* [Exercise] Restate each entry shown beneath this instruction, keeping its wording intact.

(Materials provided begins)

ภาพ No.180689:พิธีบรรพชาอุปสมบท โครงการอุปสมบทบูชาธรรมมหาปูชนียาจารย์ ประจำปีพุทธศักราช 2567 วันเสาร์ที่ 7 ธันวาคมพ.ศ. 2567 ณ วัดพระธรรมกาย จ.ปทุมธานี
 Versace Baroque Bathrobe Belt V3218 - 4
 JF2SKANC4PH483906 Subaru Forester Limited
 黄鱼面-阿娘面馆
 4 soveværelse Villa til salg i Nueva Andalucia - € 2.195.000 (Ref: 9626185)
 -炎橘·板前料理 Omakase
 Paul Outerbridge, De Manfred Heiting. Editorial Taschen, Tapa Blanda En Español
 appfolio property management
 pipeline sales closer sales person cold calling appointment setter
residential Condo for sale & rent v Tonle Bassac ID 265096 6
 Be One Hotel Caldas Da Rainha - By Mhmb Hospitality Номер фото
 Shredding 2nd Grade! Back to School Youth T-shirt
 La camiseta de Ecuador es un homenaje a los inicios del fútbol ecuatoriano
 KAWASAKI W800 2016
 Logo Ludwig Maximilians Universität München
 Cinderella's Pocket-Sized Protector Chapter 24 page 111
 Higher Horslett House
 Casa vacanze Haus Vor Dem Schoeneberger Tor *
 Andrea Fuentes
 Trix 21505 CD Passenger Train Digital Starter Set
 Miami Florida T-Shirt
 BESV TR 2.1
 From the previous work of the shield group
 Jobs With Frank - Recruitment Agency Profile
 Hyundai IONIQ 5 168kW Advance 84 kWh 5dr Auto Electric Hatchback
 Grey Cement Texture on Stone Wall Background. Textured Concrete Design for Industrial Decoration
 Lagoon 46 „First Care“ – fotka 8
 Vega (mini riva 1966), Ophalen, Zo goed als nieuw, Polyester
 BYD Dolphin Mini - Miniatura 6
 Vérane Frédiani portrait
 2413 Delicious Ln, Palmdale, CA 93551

(Materials provided ends)

* [The completed task]
ภาพ No.180689:พิธีบรรพชาอุปสมบท โครงการอุปสมบทบูชาธรรมมหาปูชนียาจารย์ ประจำปีพุทธศักราช 2567 วันเสาร์ที่ 7 ธันวาคมพ.ศ. 2567 ณ วัดพระธรรมกาย จ.ปทุมธานี
 Versace Baroque Bathrobe Belt V3218 - 4
 JF2SKANC4PH483906 Subaru Forester Limited
 黄鱼面-阿娘面馆
 4 soveværelse Villa til salg i Nueva Andalucia - € 2.195.000 (Ref: 9626185)
 -炎橘·板前料理 Omakase
 Paul Outerbridge, De Manfred Heiting. Editorial Taschen, Tapa Blanda En Español
 appfolio property management
 pipeline sales closer sales person cold calling appointment setter
residential Condo for sale & rent v Tonle Bassac ID 265096 6
 Be One Hotel Caldas Da Rainha - By Mhmb Hospitality Номер фото
 Shredding 2nd Grade! Back to School Youth T-shirt
 La camiseta de Ecuador es un homenaje a los inicios del fútbol ecuatoriano
 KAWASAKI W800 2016
 Logo Ludwig Maximilians Universität München
 Cinderella's Pocket-Sized Protector Chapter 24 page 111
 Higher Horslett House
 Casa vacanze Haus Vor Dem Schoeneberger Tor *
 Andrea Fuentes
 Trix 21505 CD Passenger Train Digital Starter Set
 Miami Florida T-Shirt
 BESV TR 2.1
 From the previous work of the shield group
 Jobs With Frank - Recruitment Agency Profile
 Hyundai IONIQ 5 168kW Advance 84 kWh 5dr Auto Electric Hatchback
 Grey Cement Texture on Stone Wall Background. Textured Concrete Design for Industrial Decoration
 Lagoon 46 „First Care“ – fotka 8
 Vega (mini riva 1966), Ophalen, Zo goed als nieuw, Polyester
 BYD Dolphin Mini - Miniatura 6
 Vérane Frédiani portrait
 2413 Delicious Ln, Palmdale, CA 93551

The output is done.